Artist: Stan Getz
Album: Serenity (1991)
This album is the lesser-known counterpart to Getz’s Anniversary, an album I purchased about a year ago and have been unable to put down since. They are both a product of the same live date: July 6, 1987 at the Club Montmartre in Copenhagen, Denmark. That night, Getz celebrated his 60th birthday in style, accompanied by a powerhouse rhythm section and a warm audience. Anniversary quickly became (and remains) one of my favorite straight-ahead jazz albums, and Serenity is now following suit.
Originally intended to be released together, production issues caused a delay of this “second half,” making it the lesser-known “B-side” of sorts. Like its counterpart, Serenity is a straight-ahead romp for the ages. (Those looking to get their Bossa Nova fix should look elsewhere.) Also, like Anniversary, it features mostly standards – “On Green Dolphin Street,” “I Remember You,” and “I Love You” – as well as Kenny Barron’s “Voyage” and Victor Feldman’s “Falling In Love.” The lineup is:
Stan Getz – Saxophone
Kenny Barron – Piano
Victor Lewis – Drums
Rufus Reid – Bass
I can’t say enough good about this album. Overall, it’s filled with medium- and uptempo tunes, with each one being a bit quicker than the previous, culminating with a swiftly floating “I Love You.” The standards are especially given “straight-ahead” treatment with everything falling pretty much “inside.” That’s not to say it’s at all boring, however – quite the opposite, actually, as the group has much fun with the standards. The band displays its “edgiest” playing on Barron’s “Voyage,” with Getz’s tone at times becoming brassy. (Perhaps because it’s an original?) And, conversely, the band’s gentlest playing is on the other non-standard: “Falling In Love,” the album’s only ballad.
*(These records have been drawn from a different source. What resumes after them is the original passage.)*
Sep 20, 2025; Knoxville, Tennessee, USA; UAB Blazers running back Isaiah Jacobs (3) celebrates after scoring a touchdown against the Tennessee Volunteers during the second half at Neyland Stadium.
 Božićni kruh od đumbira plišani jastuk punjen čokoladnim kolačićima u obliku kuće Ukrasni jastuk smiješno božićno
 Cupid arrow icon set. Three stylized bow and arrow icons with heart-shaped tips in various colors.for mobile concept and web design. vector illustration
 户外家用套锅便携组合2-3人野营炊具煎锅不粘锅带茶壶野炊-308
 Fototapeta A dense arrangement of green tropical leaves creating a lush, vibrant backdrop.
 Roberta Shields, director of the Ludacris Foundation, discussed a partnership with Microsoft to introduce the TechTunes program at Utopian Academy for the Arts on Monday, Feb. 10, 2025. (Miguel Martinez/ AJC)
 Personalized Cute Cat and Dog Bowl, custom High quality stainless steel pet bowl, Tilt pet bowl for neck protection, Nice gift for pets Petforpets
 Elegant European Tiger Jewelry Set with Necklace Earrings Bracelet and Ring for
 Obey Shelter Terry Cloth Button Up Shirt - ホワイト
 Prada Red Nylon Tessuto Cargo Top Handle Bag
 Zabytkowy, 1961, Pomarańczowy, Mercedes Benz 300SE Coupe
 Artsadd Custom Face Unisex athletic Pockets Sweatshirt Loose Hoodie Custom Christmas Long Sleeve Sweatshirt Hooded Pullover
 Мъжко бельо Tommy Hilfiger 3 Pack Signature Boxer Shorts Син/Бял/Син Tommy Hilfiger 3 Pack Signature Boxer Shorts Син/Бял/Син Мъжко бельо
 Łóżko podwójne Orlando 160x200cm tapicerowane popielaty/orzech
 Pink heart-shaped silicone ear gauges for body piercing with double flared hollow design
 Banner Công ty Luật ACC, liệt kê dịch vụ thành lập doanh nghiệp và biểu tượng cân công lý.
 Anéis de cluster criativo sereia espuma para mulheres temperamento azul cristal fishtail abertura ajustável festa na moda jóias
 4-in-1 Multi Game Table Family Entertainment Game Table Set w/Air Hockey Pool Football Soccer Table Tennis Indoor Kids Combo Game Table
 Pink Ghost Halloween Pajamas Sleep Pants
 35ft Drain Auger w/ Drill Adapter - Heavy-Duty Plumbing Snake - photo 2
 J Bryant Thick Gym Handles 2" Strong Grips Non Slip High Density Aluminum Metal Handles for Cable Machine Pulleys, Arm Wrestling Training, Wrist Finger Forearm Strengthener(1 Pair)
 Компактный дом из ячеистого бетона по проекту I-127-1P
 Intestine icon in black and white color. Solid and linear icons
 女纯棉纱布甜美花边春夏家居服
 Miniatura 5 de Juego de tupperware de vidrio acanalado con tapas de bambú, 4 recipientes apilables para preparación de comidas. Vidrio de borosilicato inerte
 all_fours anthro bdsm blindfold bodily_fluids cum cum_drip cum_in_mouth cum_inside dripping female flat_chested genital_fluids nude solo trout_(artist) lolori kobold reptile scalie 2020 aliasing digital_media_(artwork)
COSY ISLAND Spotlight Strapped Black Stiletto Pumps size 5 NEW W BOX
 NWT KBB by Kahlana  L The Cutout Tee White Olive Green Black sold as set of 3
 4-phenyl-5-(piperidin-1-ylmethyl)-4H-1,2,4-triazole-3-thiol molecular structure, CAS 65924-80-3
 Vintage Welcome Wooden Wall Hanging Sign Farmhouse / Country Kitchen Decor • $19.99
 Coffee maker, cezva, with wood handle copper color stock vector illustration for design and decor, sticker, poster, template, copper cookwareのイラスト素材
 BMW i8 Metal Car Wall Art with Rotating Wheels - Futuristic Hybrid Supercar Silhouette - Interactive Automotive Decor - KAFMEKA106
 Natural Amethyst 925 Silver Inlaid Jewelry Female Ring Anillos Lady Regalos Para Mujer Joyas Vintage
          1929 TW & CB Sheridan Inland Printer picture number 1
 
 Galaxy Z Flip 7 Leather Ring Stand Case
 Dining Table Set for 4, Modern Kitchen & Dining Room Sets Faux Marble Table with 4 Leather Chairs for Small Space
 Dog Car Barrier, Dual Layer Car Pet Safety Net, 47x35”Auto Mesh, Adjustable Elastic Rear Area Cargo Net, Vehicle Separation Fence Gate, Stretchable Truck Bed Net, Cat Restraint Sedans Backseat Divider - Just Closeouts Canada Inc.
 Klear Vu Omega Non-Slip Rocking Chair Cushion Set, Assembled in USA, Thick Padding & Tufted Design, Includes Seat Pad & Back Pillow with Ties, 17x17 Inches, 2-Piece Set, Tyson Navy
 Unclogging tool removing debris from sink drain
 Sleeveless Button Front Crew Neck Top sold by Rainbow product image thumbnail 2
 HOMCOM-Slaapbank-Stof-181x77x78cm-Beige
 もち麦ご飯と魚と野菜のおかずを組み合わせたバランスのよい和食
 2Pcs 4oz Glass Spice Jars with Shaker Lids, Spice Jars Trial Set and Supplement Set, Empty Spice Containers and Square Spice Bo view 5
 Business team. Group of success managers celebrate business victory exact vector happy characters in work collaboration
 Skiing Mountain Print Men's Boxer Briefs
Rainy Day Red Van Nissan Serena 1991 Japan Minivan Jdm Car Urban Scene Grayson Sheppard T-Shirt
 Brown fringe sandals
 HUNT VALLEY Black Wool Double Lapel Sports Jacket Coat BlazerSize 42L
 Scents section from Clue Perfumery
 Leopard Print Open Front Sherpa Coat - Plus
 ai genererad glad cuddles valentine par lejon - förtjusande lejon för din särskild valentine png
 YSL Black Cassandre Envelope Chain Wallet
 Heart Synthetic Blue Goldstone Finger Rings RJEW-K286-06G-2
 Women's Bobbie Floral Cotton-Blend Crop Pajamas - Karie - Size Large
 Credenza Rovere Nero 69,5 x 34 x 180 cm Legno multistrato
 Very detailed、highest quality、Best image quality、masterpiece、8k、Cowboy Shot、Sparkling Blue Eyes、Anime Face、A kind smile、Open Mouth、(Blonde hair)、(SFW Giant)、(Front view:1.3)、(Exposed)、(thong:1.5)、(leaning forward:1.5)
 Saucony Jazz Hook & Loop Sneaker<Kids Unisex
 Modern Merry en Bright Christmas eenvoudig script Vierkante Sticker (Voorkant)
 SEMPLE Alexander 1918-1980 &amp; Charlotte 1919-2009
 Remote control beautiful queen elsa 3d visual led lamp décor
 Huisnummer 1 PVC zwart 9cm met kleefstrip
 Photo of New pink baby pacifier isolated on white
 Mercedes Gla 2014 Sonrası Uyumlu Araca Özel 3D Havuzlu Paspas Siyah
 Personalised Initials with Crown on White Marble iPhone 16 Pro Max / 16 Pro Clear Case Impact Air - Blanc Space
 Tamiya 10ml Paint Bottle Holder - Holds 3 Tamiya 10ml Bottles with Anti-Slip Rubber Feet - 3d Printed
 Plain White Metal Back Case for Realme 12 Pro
Throughout, all four musicians receive ample solo space. “I Remember You” and “Voyage” are the standout tracks here, with the band burning individually and collectively on each. The latter’s unison melody between saxophone and piano is a nice contrast to the rest of the album’s sax-centric melodies.
As some of you may know, it can often be difficult to find good (relatively) contemporary recordings of standards that aren’t too overly-manipulated or arranged. There’s such pressure for everyone to make everything his/her own these days that often there’s a paucity of players just blowing changes (on record, at least). Not that I want that all the time, but every now and again is nice. And when it’s done well, as is the case with Serenity, it is so good. No frills here, just four seasoned veterans improvising and feeding off of one another and the audience. A must have for any serious jazz fan, in my opinion.